The duo went on to make “Love is Strange,” a covertly racy ditty with curlicued guitar breaks. By the early ’60s, Mickey & Sylvia broke up to pursue solo careers. Sylvia stayed in the States, and Baker became somewhat of journeyman, traveling to Europe to work with emerging talent in France.

In the early ’60s Sylvia met her husband Joseph Robinson, a real estate agent, and settled in Englewood, New Jersey. Their minds met with an entrepreneurial streak. They open All Platinum Records, and Joseph put his real estate enterprise aside to manage his wife’s career. Soul music was a growing market, so the Robinsons made themselves well-equipped by building an in-house recording studio and launching subsidiaries.

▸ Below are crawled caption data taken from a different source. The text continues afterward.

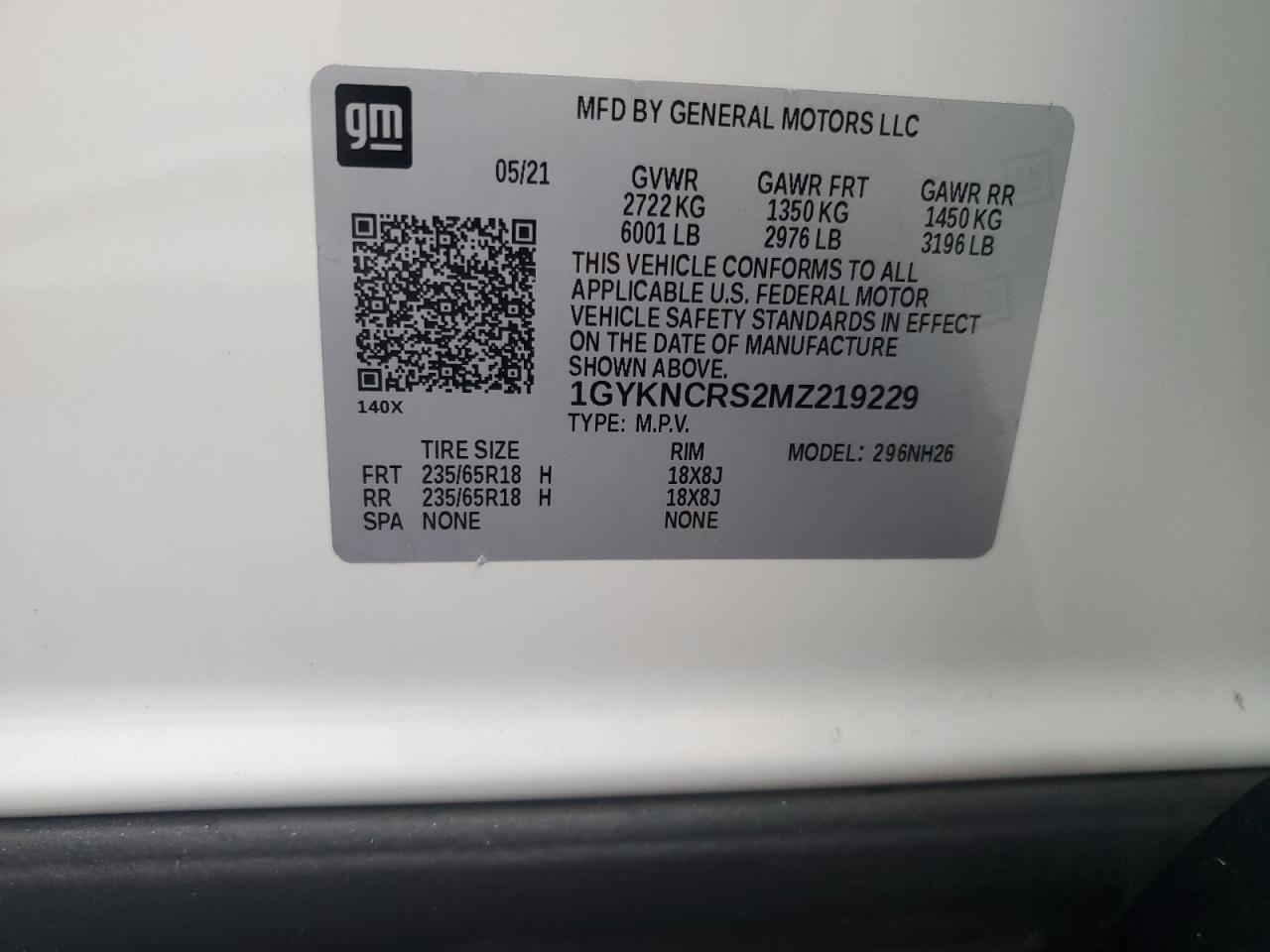 1GYKNCRS2MZ219229 2021 Cadillac Xt5 Premium Luxury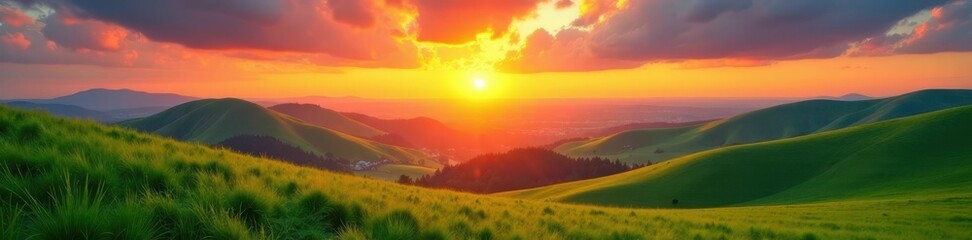 Obraz premium Blazing sunrise over lush green hills, bursting with color , nature, view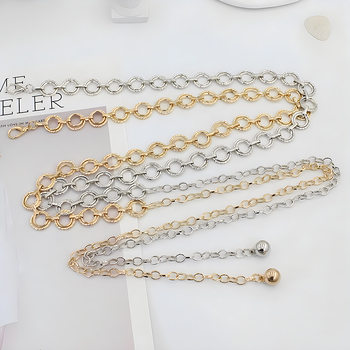 Seelik Mitmekülgne Rõngas Metallist Vöökett Naiste Korea Stiilis Dekoratiivne Kleit Õhuke Vöö Reguleeritav Keti Aksessuaarid Vöökoht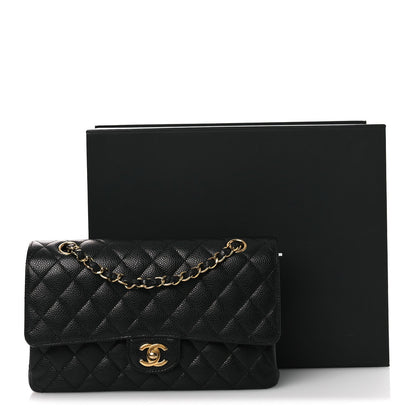 Caviar Quilted Medium Double Flap Black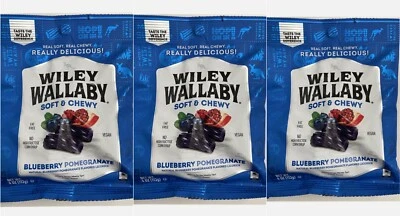 3x Bags Wiley Wallaby Soft & Chewy Blueberry Pomegranate Gourmet Licorice 4oz - Image 1 of 4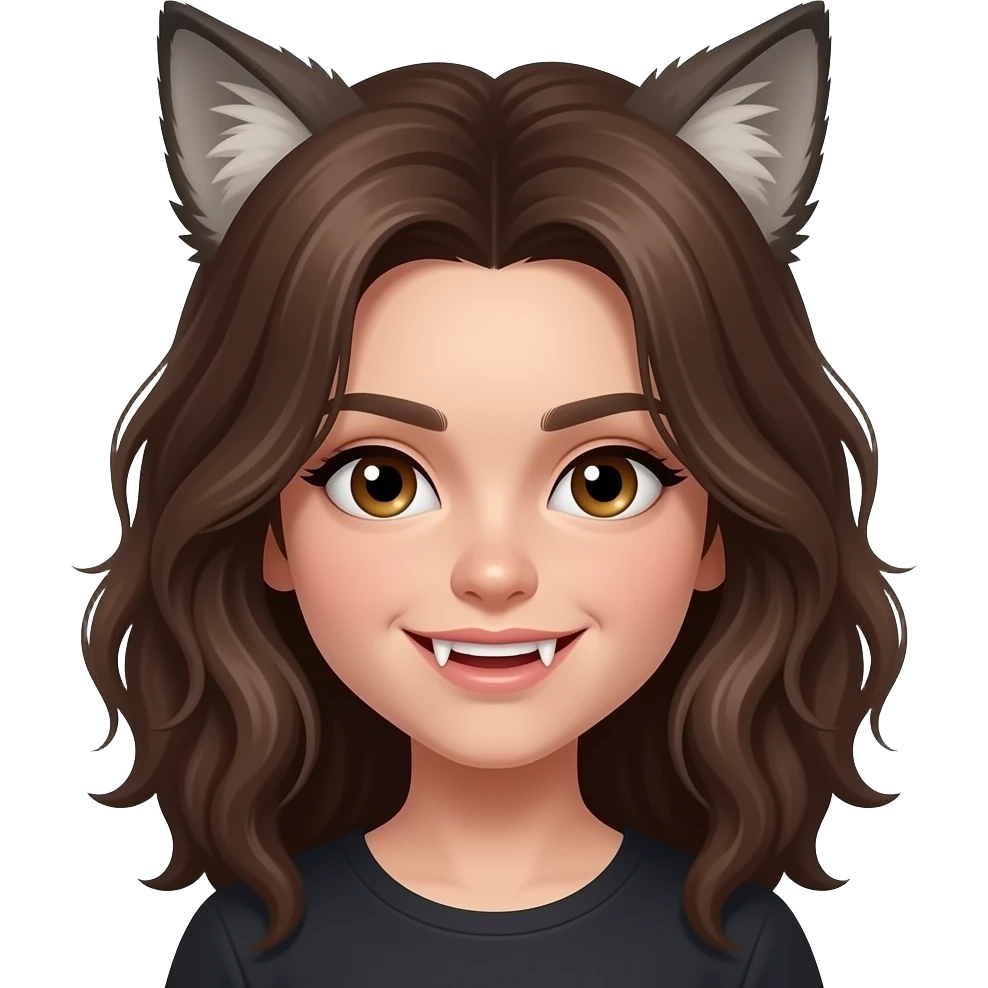 Werewolf girl with brown hair wavy hair, fangs teen emoji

Though All Platinum had a successful start with “Love on a Two-Way Street” (1970) and “Pillow Talk” (1973), sung by Robinson, the label eventually filed for Chapter 11 bankruptcy. Soul music was still evolving, but disco was fading out like the label’s hits. But in New York, block parties were colored with a fun, improvisational form of music called “rapping.”

At these block parties, MCs and DJs—as they called themselves—caught the attention of Robinson. It wasn’t just the sound that fixated her. It was the dancing, the culture, that was a gleam to Robinson and her business savvy. At a pizzeria in Englewood, Robinson heard a young man who went by Big Bank Hank rapping to a tune playing on the stereo system. Impressed, Robinson asked Hank if he would like to record. Upon his acceptance, the Robinsons teamed Hank up with a student named Master Gee, and florist Wonder Mike. The trio became known as the Sugerhill Gang, the namesake of the Robinsons’ new label.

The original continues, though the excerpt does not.